It is not hard to see that complaining comes easy for others as well as myself. If there is a correlation between the level of lament and the amount of pain in someone’s life, life likes to remind me that it is usual inverse. The less to the extreme that exists, the louder the complaining is.
Yesterday, as I finished my meal, I was unknowingly looking sad and annoyed. My usual fruit juice hawker stand was closed. Mama-san, owner of the food stall where I had just eaten, asked me if I was ok. My whine was met with a smile and a simple, “today, the sugarcane juice is very good.” She pointed me to the stall less than 35 feet away.
I knew I was being ridiculous. I knew that even in the scheme of my life that this lament was not worth a sigh. Mumbling, I headed towards the stand.
The fresh cane was washed, cut, and lightly peeled. Looking at it triggered memories when I stood next to a street vendor as a kid in India, haggling over the price of a glass of juice. I could still remember the taste, wondering if it was the same.
The shopkeeper emerged, asking if I wanted a glass. As I answered, he turned and I could see all. All is defined as a whole man minus the right arm and hand just below the elbow. His smile and demeanor caught me off-guard. There was no sign of lament. The twinkle in his eyes, calm way he went about everything, including folding a plastic bag, was a slap.
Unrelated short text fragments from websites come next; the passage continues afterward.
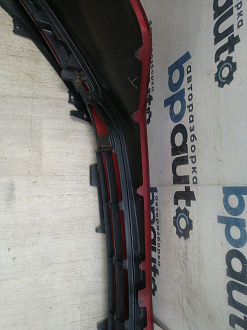 AA046200; Бампер передний; под паркт.; под омыват. (GSH7-50031) для Mazda 6 III (GJ) рест. 2 (2018-2024)/БУ; Оригинал; Р1, Мелкий дефект; 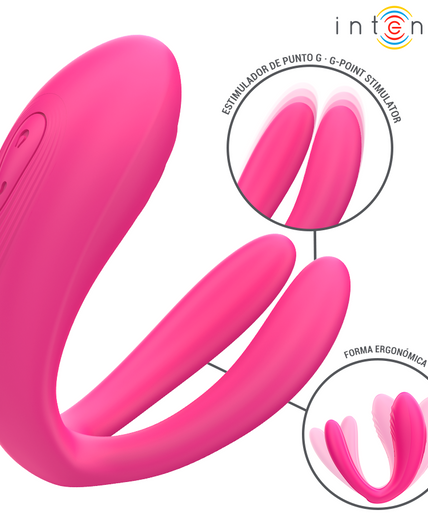 Intense – Julia Doppelvibrator mit Klemmenstimulator und Fernbedienung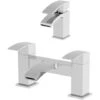 Modern Bathroom Mono Basin Sink Bath Mixer Filler Tap Set Chrome -Bathroom Faucet Store 8946066 1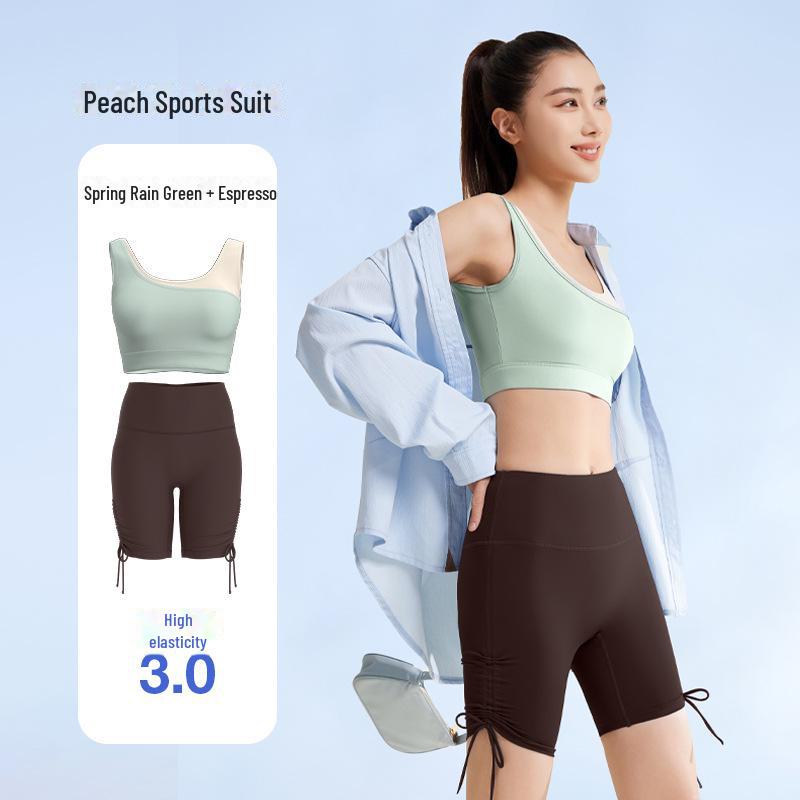 Juyitang Seamless Summer Yoga Suit: High-Elastic, Slim-Fit, One-Piece with Beautiful Back Design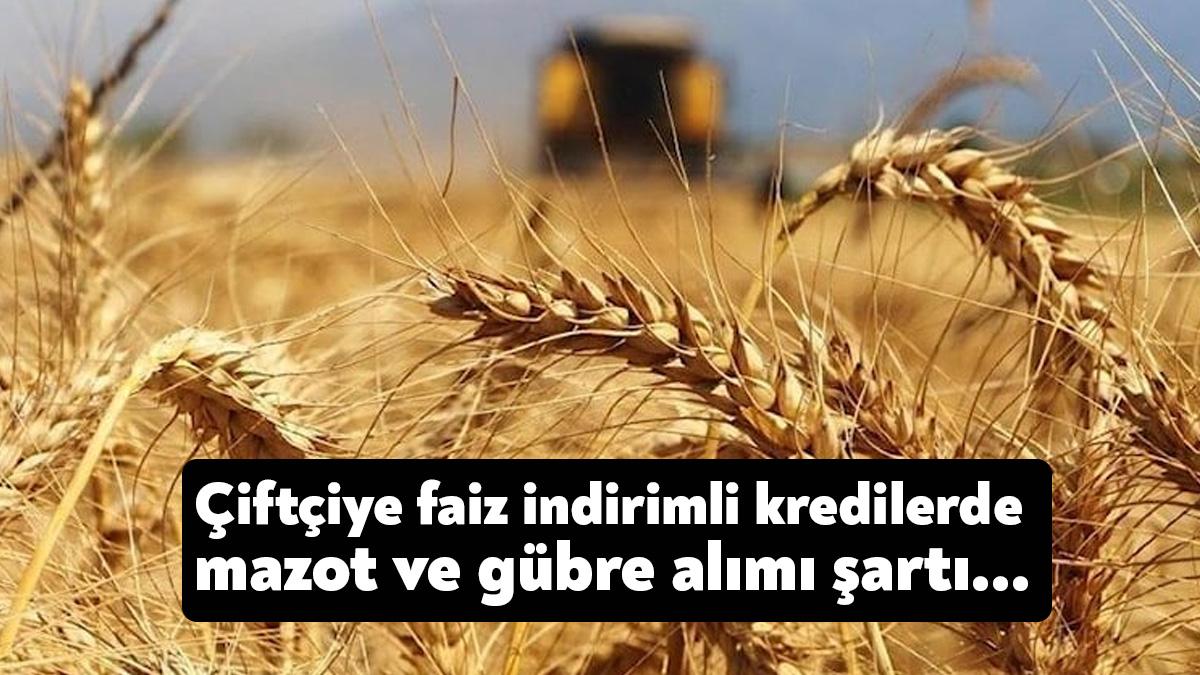 Geleneksel (yaygın) bitkisel üretim başlığı altında kullandırılan bütün faiz indirimli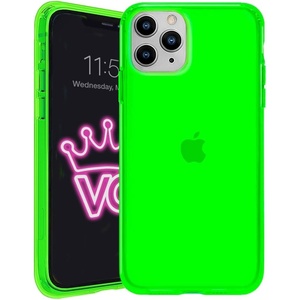 image:imageVELVET CAVIAR Compatible with iPhone 11 Pro Case Neon Orange  Cool Clear Protective Phone Cover for Men WomenNeon Green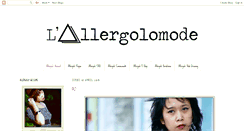 Desktop Screenshot of allergolomode.blogspot.com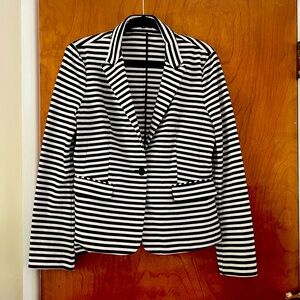 Express Black and White Stretch Blazer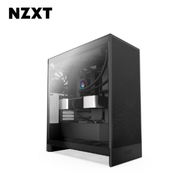 NZXT H7 Flow 2024 黑 玻璃透側機殼 (E-ATX/Type-C/內建風扇前3/網孔面板/隱藏式電源/顯卡410mm/塔散185mm)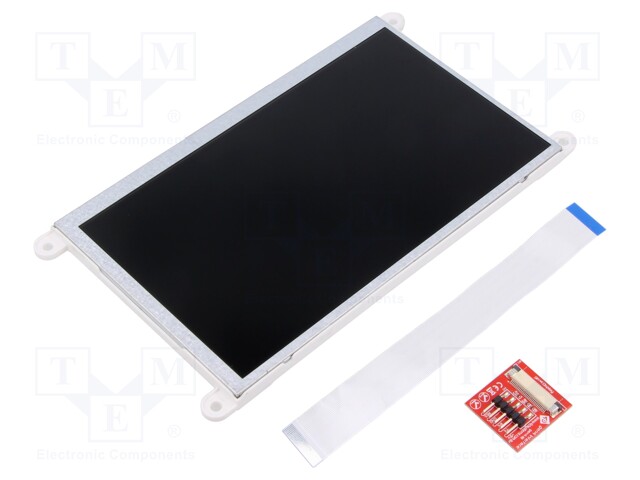 TFT NÄYTTÖ - 7" - 800X480 - VALAISTUS: LED - 32KBRAM,192KBFLASH - 5VDC - Älykkäät näytöt - GEN4-ULCD-70D-WVA - 1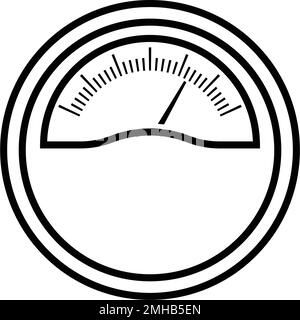 Design mit Logo für elektrische Messgeräte Stock Vektor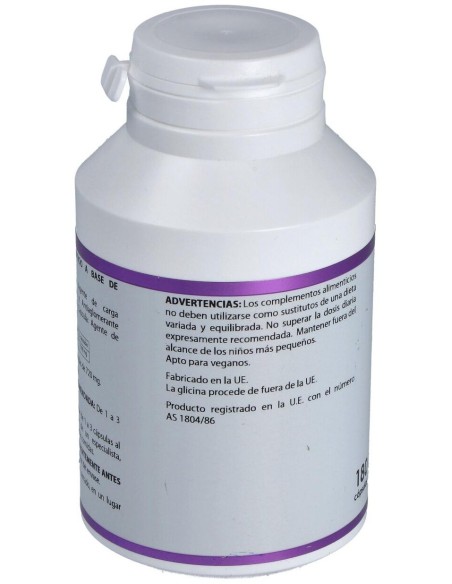 Holomega Glicina 180Cap. de Equisalud
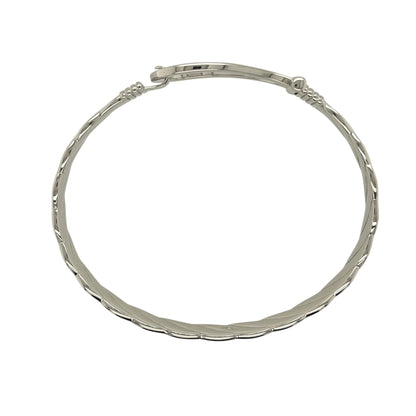New 925 Silver Horseshoe Bangle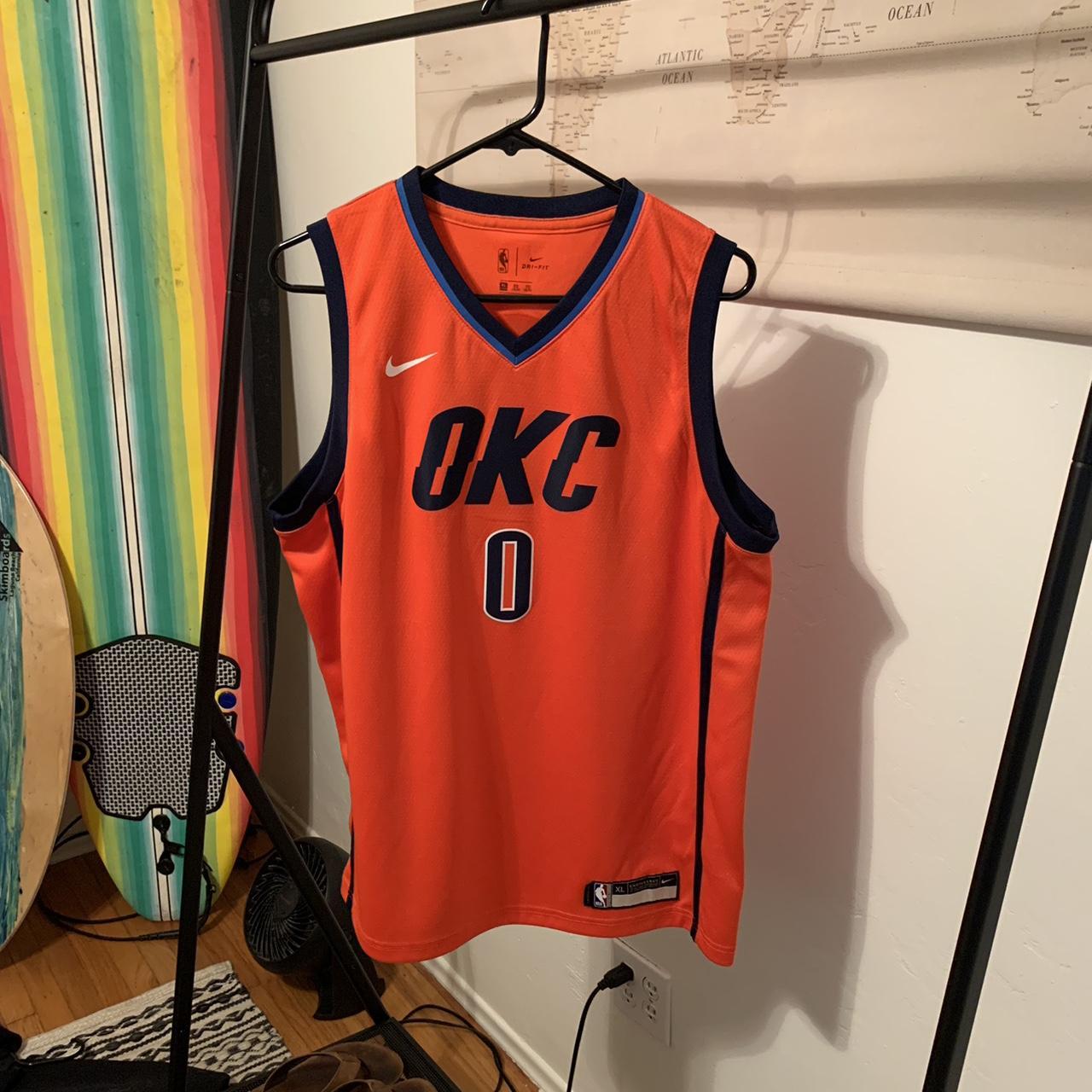 OKC Russell Westbrook Jersey YXS Great fit and. Depop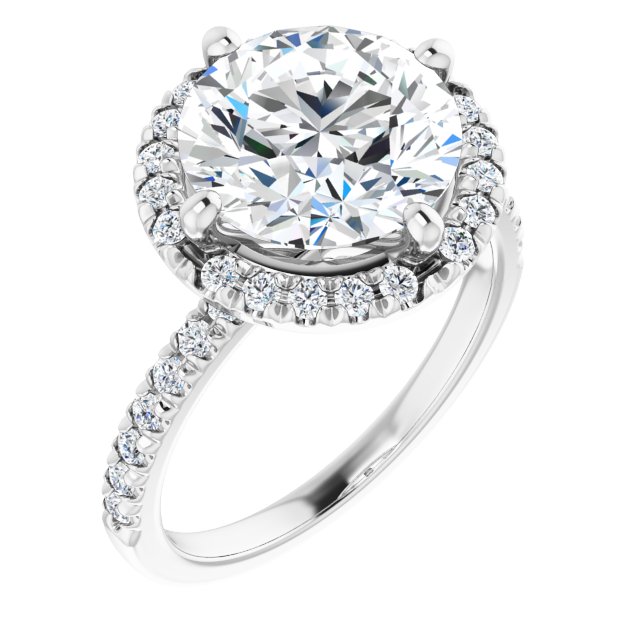 Halo-Style Engagement Ring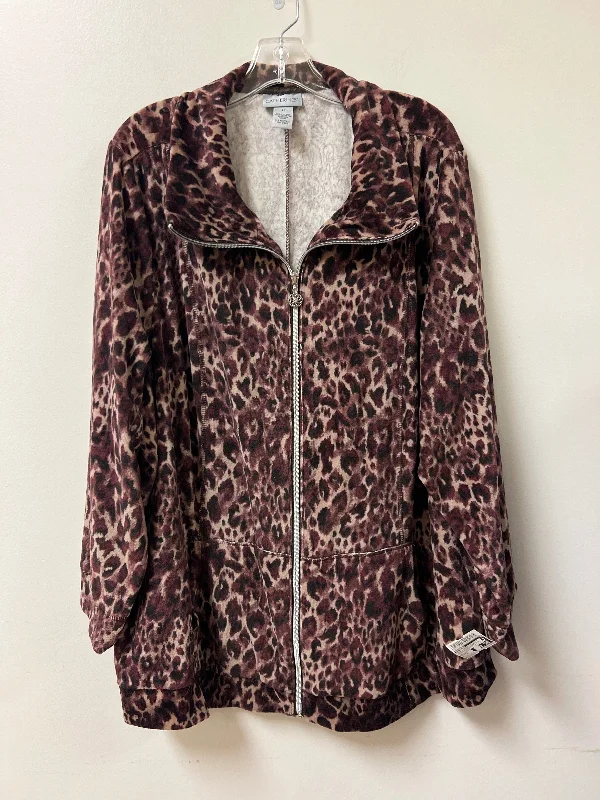 Jacket Other By Catherines In Animal Print, Size: 4x Herringbone Jacket Houndstooth Jacket Plaid Jacket Jacket Other By Catherines In Animal Print, Size: 4x Herringbone Jacket Houndstooth Jacket Plaid Jacket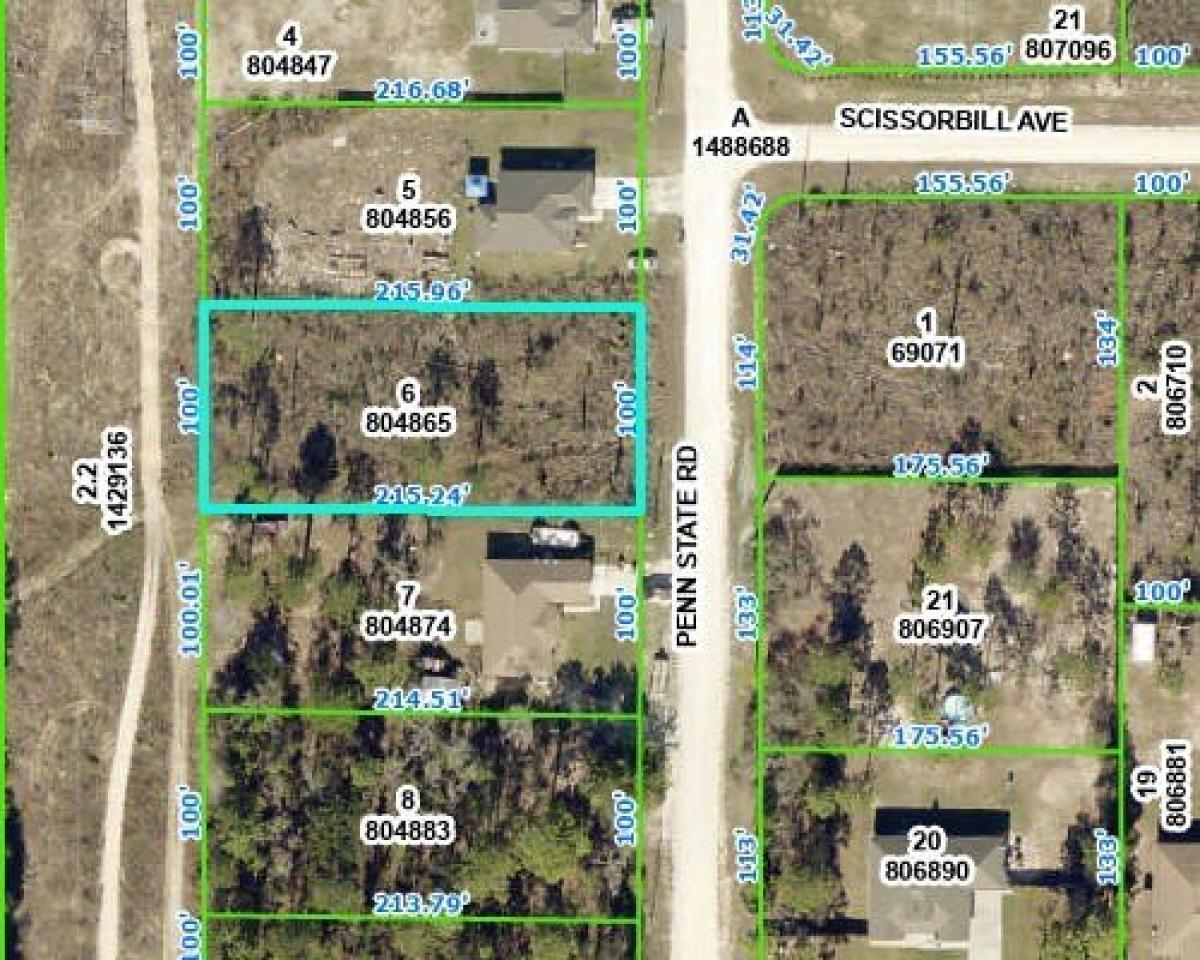 Picture of Residential Land For Sale in Weeki Wachee, Florida, United States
When he smiled, I felt foolish.
The one bit of good news was that I had not complained in front of him. He did not know! Just moments before I had been acting out an old lament; “My life leaks away, groan by groan; my years fade out in sighs. My troubles have worn me out, turned my bones to powder.” (Psalm 31.10) Now I stood embarrassed.
The happy, contented with life shopkeeper offered me a wonderful juice.